OOIDA argues in court that FMCSA bypassed process on sleep apnea

By Mark Schremmer, Land Line staff writer | Wednesday, November 15, 2017

OOIDA court caseOMAHA, Neb. – An attorney for the Owner-Operator Independent Drivers Association told a panel of federal judges that the Federal Motor Carrier Safety Administration acted “without accountability” by bypassing the rulemaking process in order to regulate obstructive sleep apnea.

Paul Cullen Jr. presented OOIDA’s case against the U.S. Department of Transportation to the Eighth Circuit Court of Appeals during oral arguments on Wednesday, Nov. 15 at the Roman L. Hruska Federal Courthouse in Omaha, Neb.

OOIDA’s lawsuit, filed in April, alleged that the FMCSA slipped regulations regarding sleep apnea into a 2015 final rule that required the agency’s certified medical examiners to use a new medical form. OOIDA argued that the FMCSA incorporated into the Code of Federal Regulations an Appendix A that the agency didn’t include in its notice of proposed rulemaking.

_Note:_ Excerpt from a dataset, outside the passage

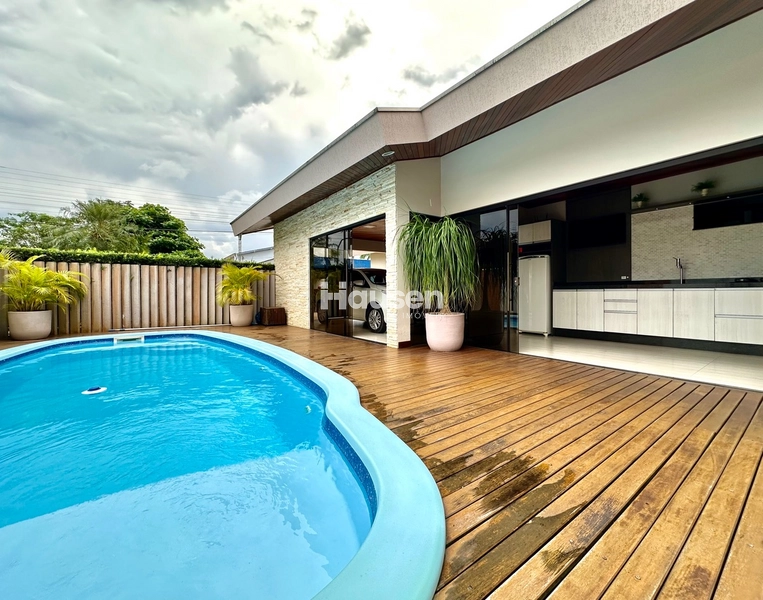 Casa com Piscina no Centro de Guabiruba!: 6ª foto da galeria de imagens do imóvel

Appendix A was a detailed list of medical criteria that included obstructive sleep apnea as one of the areas for medical examiners to review when deciding whether to medically certify a driver.

Doing so, Cullen said the action wasn’t subject to public comment or a cost-benefit analysis.

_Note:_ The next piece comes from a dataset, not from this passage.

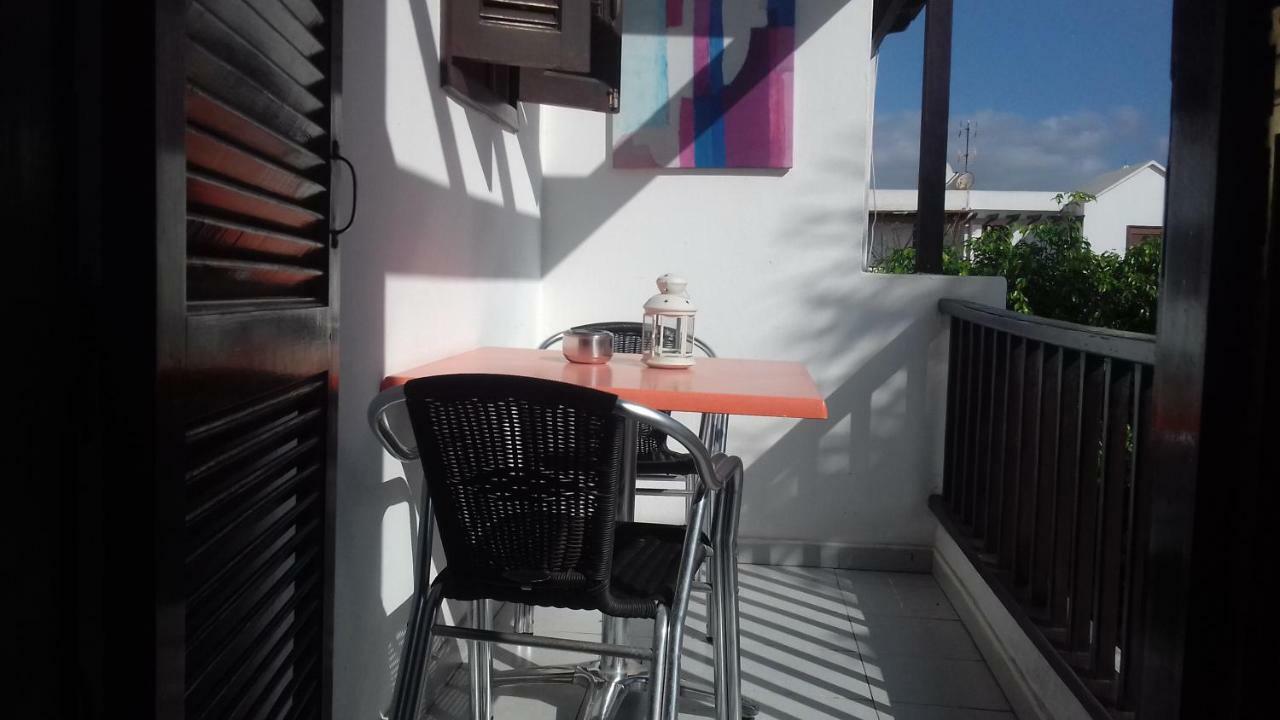 Apartamentos Playa Honda Mácher Exterior photo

“What is the problem with this going forward without the rulemaking process,” Cullen asked. “It makes OOIDA members and other truck drivers face expensive and unpredictable standards. These decisions can disqualify drivers from operating a truck.”

In October 2013, President Barack Obama signed a law that required the FMCSA to go through the formal rulemaking process and analyze the potential cost of sleep apnea requirements rather than simply issuing guidance to physicians, drivers, and motor carriers. The legislation was supported by OOIDA.

The DOT argues that the medical certification final rule didn’t expand any examination or testing requirements and that the addition of sleep apnea into the advisory guidance started in 2000.

“There wasn’t any substantive change,” Sushma Soni, the attorney representing the DOT told the court.

Many of the judges’ questions focused on what the impact would be if Appendix A was removed from the regulation.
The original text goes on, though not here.